**Problem details**. The whole listing, exactly as given: write it out, leaving out each image.

Information supplied: Begin

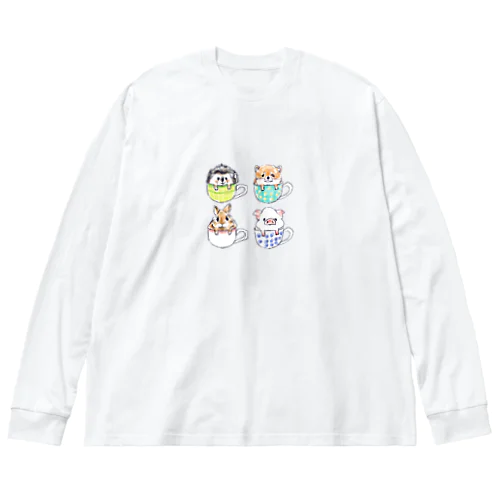 オリジナル　ハリネズミのソフィー、カップにハマってこっちを見ている。 Big Long Sleeve T-Shirt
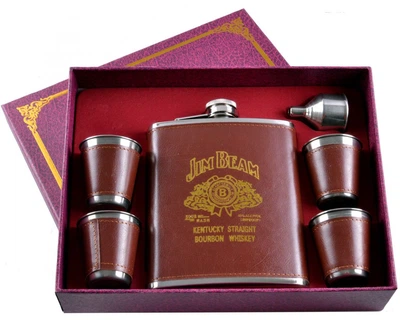 Набор 6в1 Jim Beam Brown 530 мл Фляга, Рюмки, Лейка Подарочный Бокс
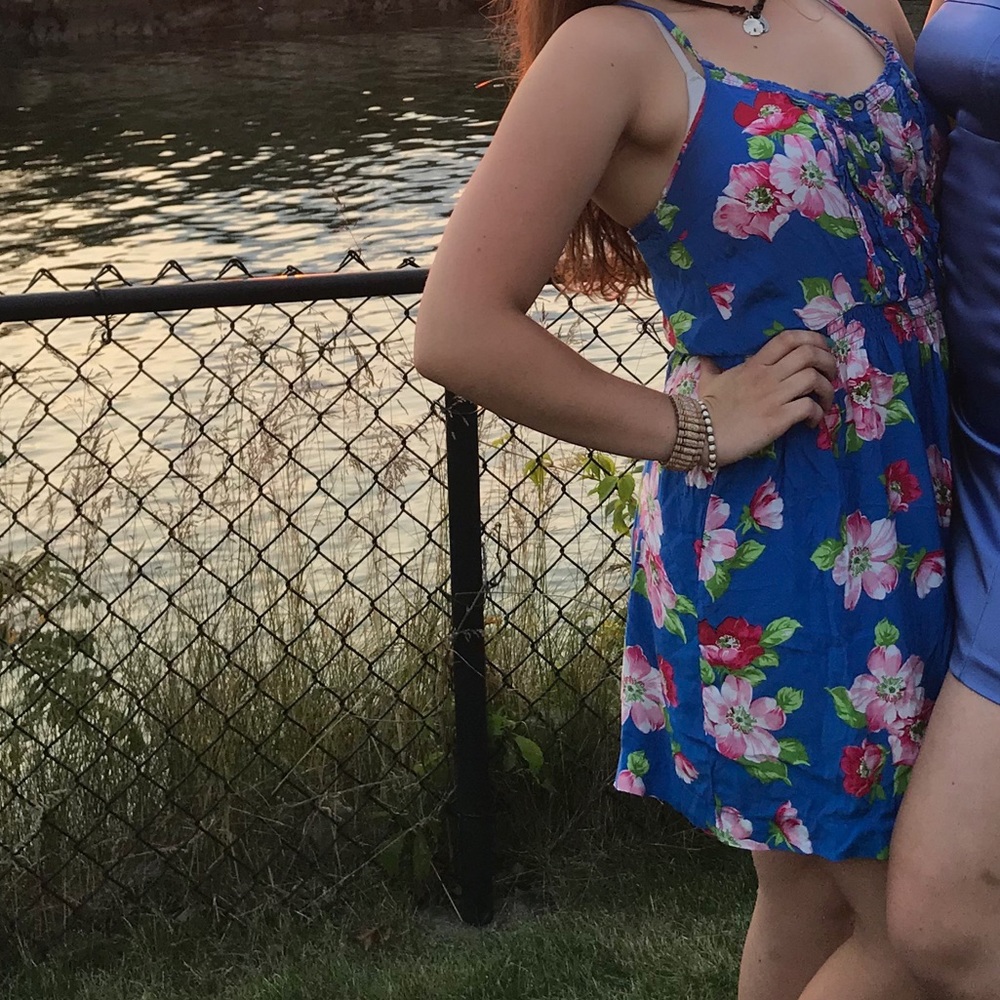 Hollister blue sun dress flowers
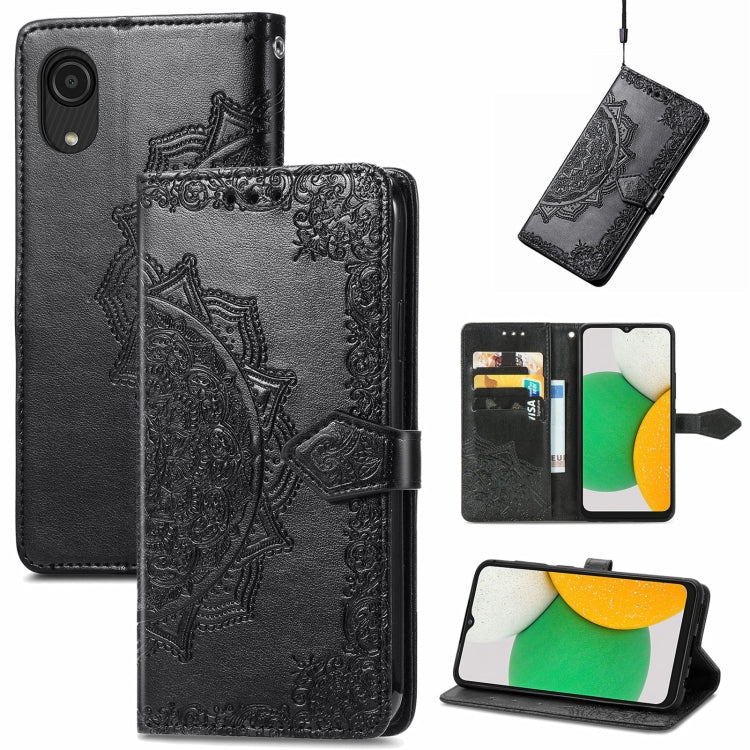 Mandala Flower Embossed Flip Leather Phone Case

Information supplied: End

**Task solution**.
 オリジナル　ハリネズミのソフィー、カップにハマってこっちを見ている。 Big Long Sleeve T-Shirt
 Набор 6в1 Jim Beam Brown 530 мл Фляга, Рюмки, Лейка Подарочный Бокс
 Hollister blue sun dress flowers
 Mandala Flower Embossed Flip Leather Phone Case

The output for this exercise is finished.